* The data *

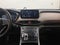 2023 Hyundai Santa Fe Plug-In Hybrid SEL Convenience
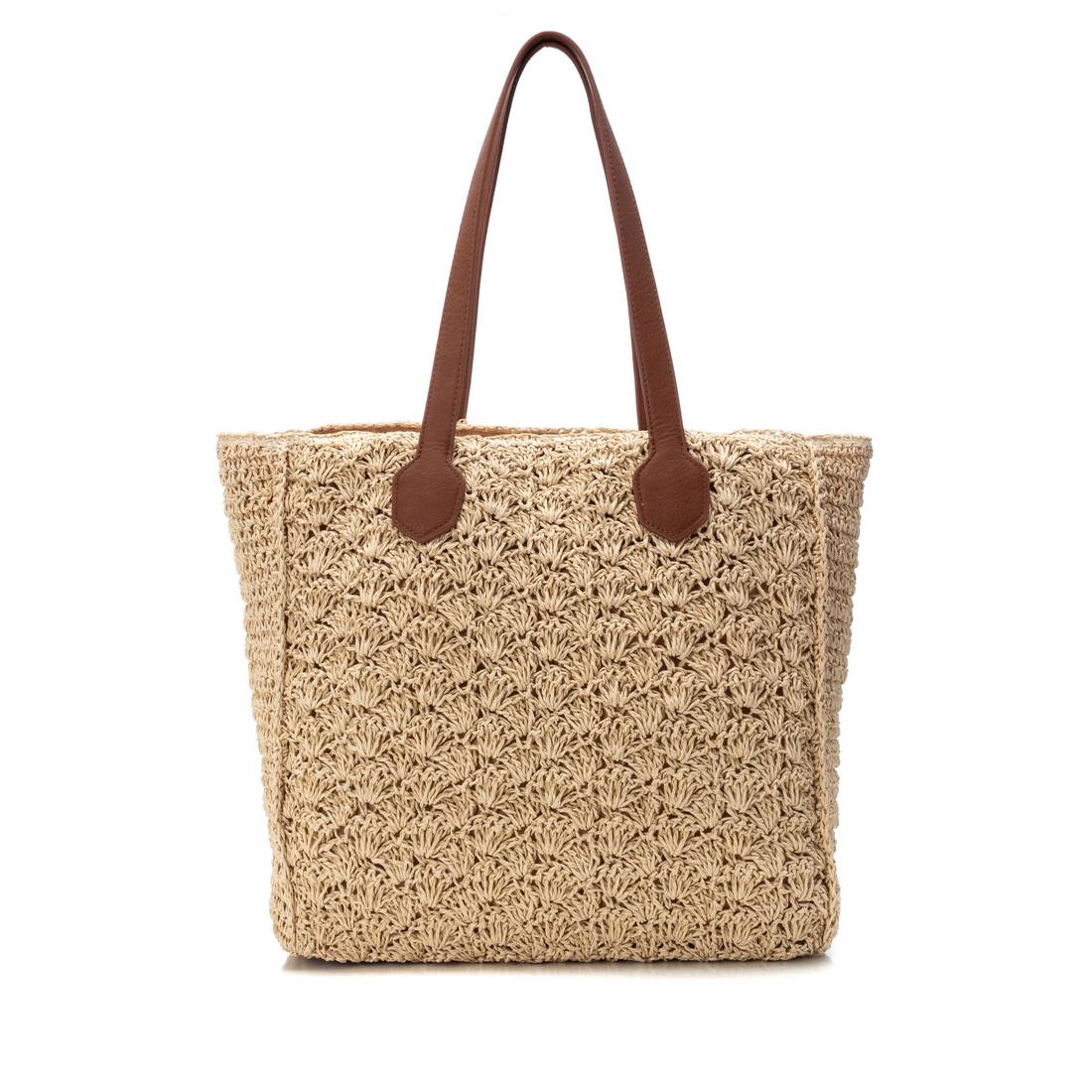 BOLSO DE MUJER CARMELA 18610501 - Image 3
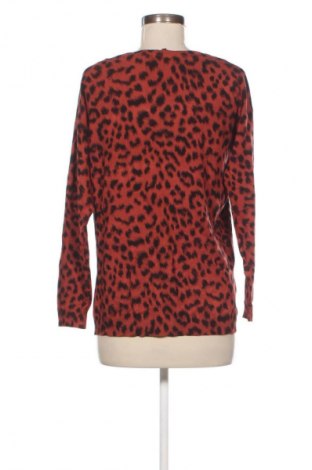 Dámský svetr Mauvette, Velikost M, Barva Vícebarevné, Cena  849,00 Kč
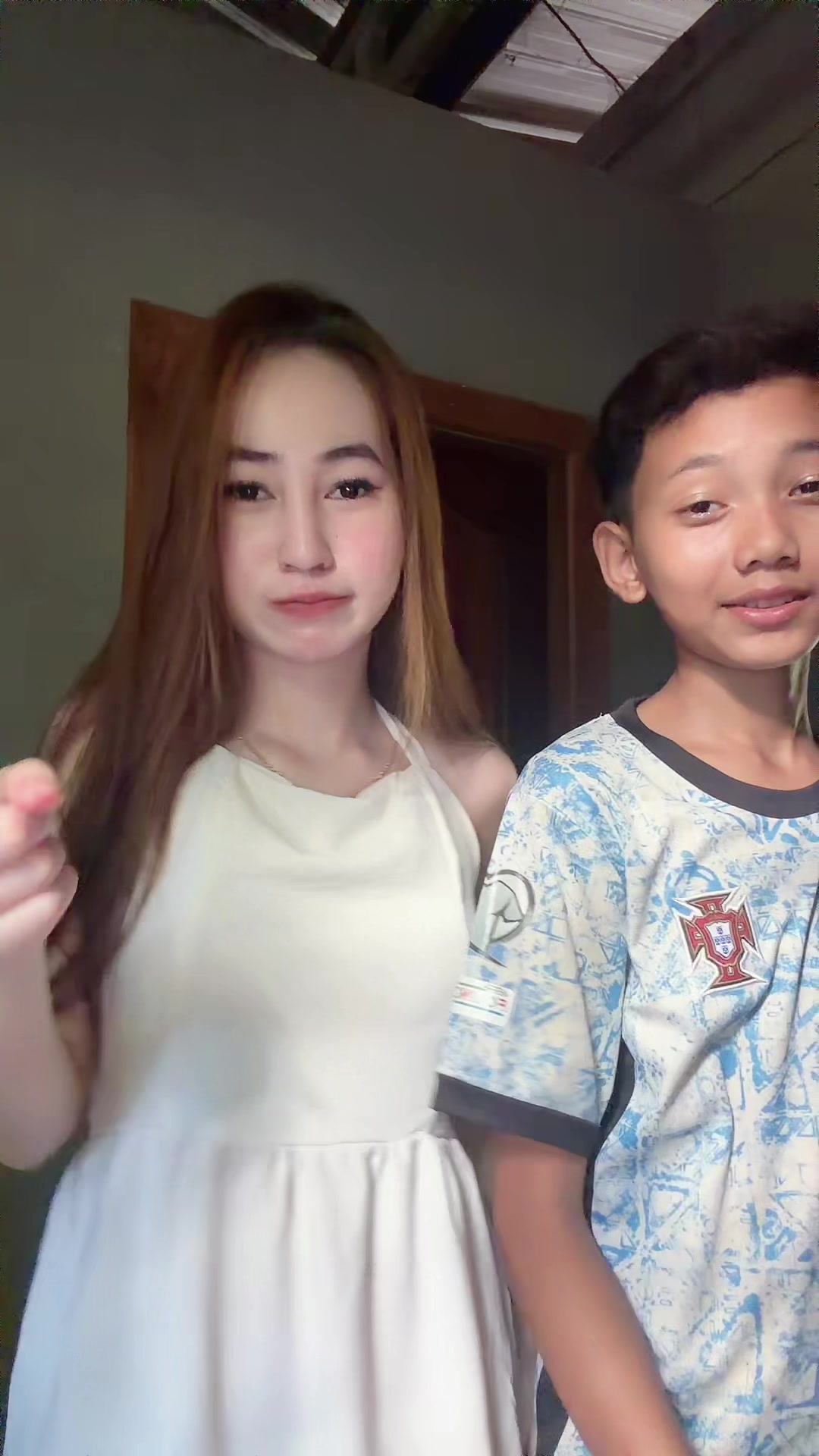 @Linh chhay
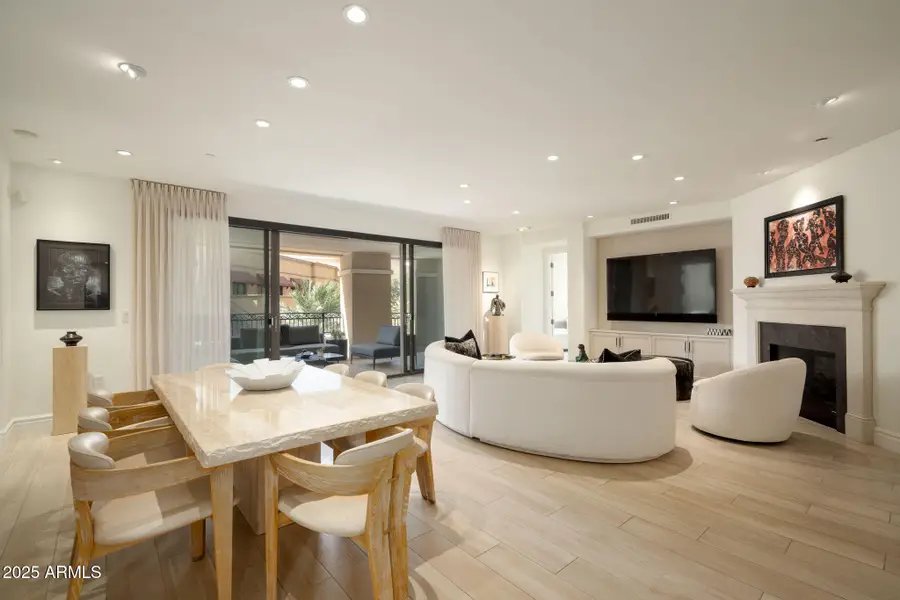 7175 E Camelback Road #301, Scottsdale, AZ 85251 - Image #3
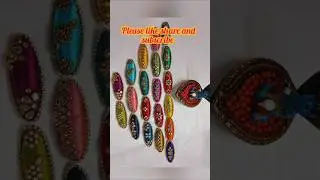 silk thread saree pins//customised Saree pins//hand made saree pins// return gifts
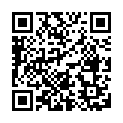 C&oacute;digo QR con el enlace al titular DÃ­a 41 de cuarentena en LeÃ³n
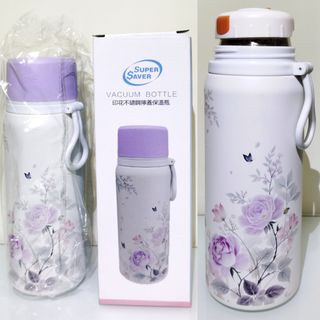 （分類：）位於 。 由 iruivy 提交（商品編號 1441619368，圖片 1）。簡介： 。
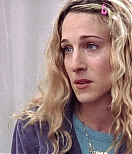 Filename=00305.jpg
Filesize=327KiB
Dimensions=1920x1080
Date added=Feb 15, 2023 00305.jpg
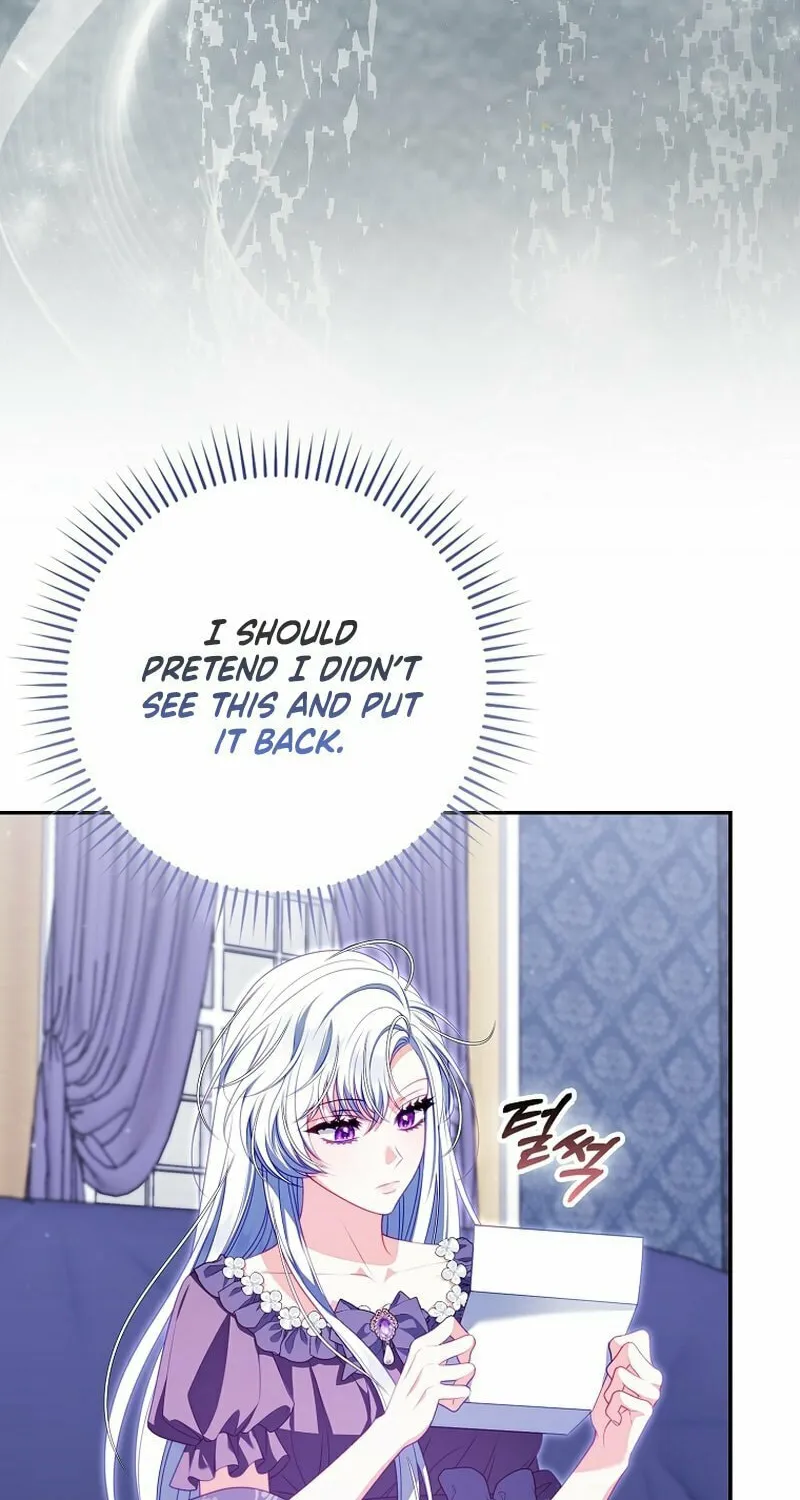 Chapter 23 - Image 4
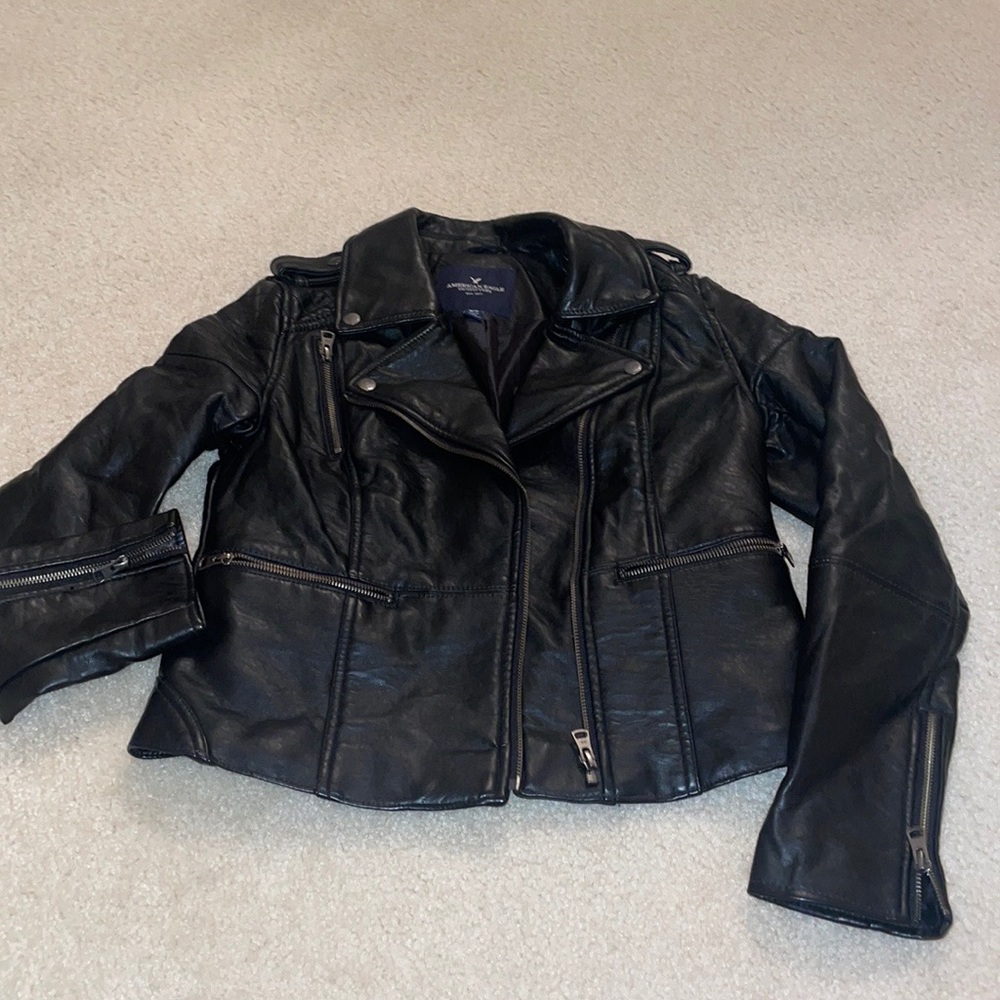 American Eagle Medium Jacket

* Required action *
Copy nothing but the lines from the one containing "silk thread saree" through the last line of the listing above, transcribed exactly and with no pictures.

* Result of the task *
 silk thread saree pins//customised Saree pins//hand made saree pins// return gifts
 C&oacute;digo QR con el enlace al titular DÃ­a 41 de cuarentena en LeÃ³n
 （分類：）位於 。 由 iruivy 提交（商品編號 1441619368，圖片 1）。簡介： 。
 Filename=00305.jpg
Filesize=327KiB
Dimensions=1920x1080
Date added=Feb 15, 2023 00305.jpg
 Chapter 23 - Image 4
 American Eagle Medium Jacket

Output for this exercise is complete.